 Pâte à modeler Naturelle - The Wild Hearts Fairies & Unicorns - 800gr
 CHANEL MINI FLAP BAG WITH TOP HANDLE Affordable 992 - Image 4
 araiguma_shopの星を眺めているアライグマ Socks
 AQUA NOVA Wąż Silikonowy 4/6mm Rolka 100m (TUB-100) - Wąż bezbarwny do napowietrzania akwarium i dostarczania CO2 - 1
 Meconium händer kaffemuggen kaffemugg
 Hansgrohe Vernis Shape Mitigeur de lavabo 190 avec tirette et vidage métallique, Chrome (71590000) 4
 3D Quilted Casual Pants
==
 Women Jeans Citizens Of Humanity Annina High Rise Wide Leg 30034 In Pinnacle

Problem to work on
Only one stretch of the records above is wanted: the lines between the one holding "Pâte à modeler" and the one holding "Meconium händer kaffemuggen kaffemugg", inclusive, reproduced exactly.

Result below
 Pâte à modeler Naturelle - The Wild Hearts Fairies & Unicorns - 800gr
 CHANEL MINI FLAP BAG WITH TOP HANDLE Affordable 992 - Image 4
 araiguma_shopの星を眺めているアライグマ Socks
 AQUA NOVA Wąż Silikonowy 4/6mm Rolka 100m (TUB-100) - Wąż bezbarwny do napowietrzania akwarium i dostarczania CO2 - 1
 Meconium händer kaffemuggen kaffemugg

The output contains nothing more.